Resolution on allocation of the company’s profits or losses in accordance with the adopted balance sheet (item 8b)

The board of directors proposes that the company’s results shall be carried forward.

Determination of the number of members and alternate members of the board of directors and auditors and alternate auditors (item 9)

Shareholders representing 8.8 %of the outstanding shares in the company proposes that the number of members of the board of directors shall be five (5) with no alternate members.

It is further proposed that the company shall have one auditor or one registered audit company and no alternate auditors.

Determination of fees for members of the board of directors and auditors (item 10) 

Shareholders representing 8.8 %of the outstanding shares in the company proposes that the annual remuneration to each board member shall amount to EUR 5,000 and EUR 10,000 to the chairman of the board. 

It is further proposed that the company’s auditor shall be remunerated upon approval of their invoice.

Election of the members of the board of directors and auditors and any alternate auditors (item 11)

Shareholders representing 8.8 % of the outstanding shares in the company proposes that, for the time until the end of the next annual general meeting, Per Brilioth, Anders F. Börjesson, Mohsen Enayatollah and Nadja Borisova are re-elected as members of the board of directors, that Vladimir Glushkov is elected as a new member of the board of directors, and that Per Brilioth is re-elected chairman of the board of directors.

Vladimir Glushkov 

Education: Degree in International Economics from Saint-Petersburg State University of Economics and Finance, with additional CFA I and FSCM 5.0 certifications.

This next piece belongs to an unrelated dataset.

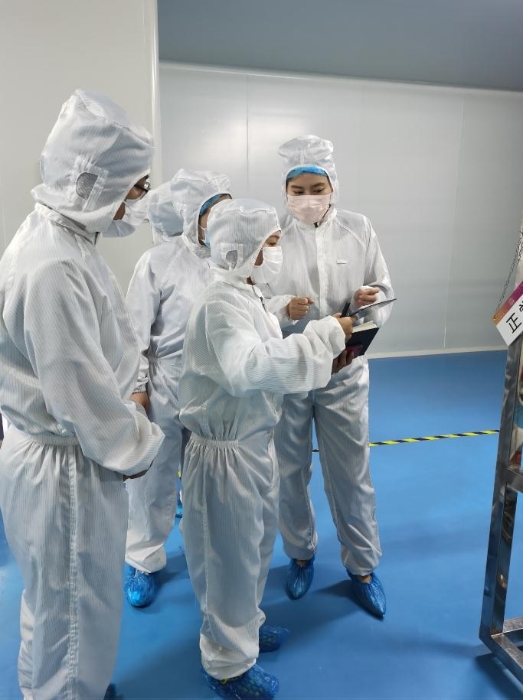 圖2:模擬檢查現(xiàn)場(chǎng),檢查員查看企業(yè)生產(chǎn)記錄。國家藥監(jiān)局高研院供圖 圖2:模擬檢查現(xiàn)場(chǎng),檢查員查看企業(yè)生產(chǎn)記錄。國家藥監(jiān)局高研院供圖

Vladimir is an Investment Director at Parus Capital in Moscow and co-founder of the Institute of Quantitative Finance, Higher School of Economics in Moscow. Mr Glushkov has previously also held position as member of the investment board of Run Capital, and various analyst positions.

For information about the current Directors proposed for re-election, please see the Company’s website, www.pomegranateinvestment.com.

It is further proposed that the company’s auditor, the registered audit company PricewaterhouseCoopers AB, be re-elected until the end of the next annual general meeting.

Resolution regarding introduction of new long-term incentive programme for management (item 12)

The board of directors proposes that the meeting resolves to introduce a new long-term incentive program for up to five currentemployees in Pomegranate Investment AB (publ) (“LTIP (M) 2018”) in accordance with the terms as set out below. LTIP (M) 2018 is a three-year performance based incentive program.

Adoption of an incentive programme

Summary of the programme

The board of directors proposes that the general meeting resolves to adopt LTIP (M) 2018. LTIP (M) 2018 is proposed to include up to fivecurrent employees in Pomegranate Investment AB (publ). The participants in LTIP (M) 2018 are required to invest in Pomegranate Investment AB (publ) by acquiring shares in Pomegranate Investment AB (publ) (“Saving Shares”). These Saving Shares are received by way of purchase of shares at market value or transfer of shares that such participant already holds in accordance with the terms set out under “Personal investment” below. The participants will thereafter be granted the opportunity to receive shares free of charge in accordance with LTIP (M) 2018, so called “Performance Shares” in accordance with the terms set out below.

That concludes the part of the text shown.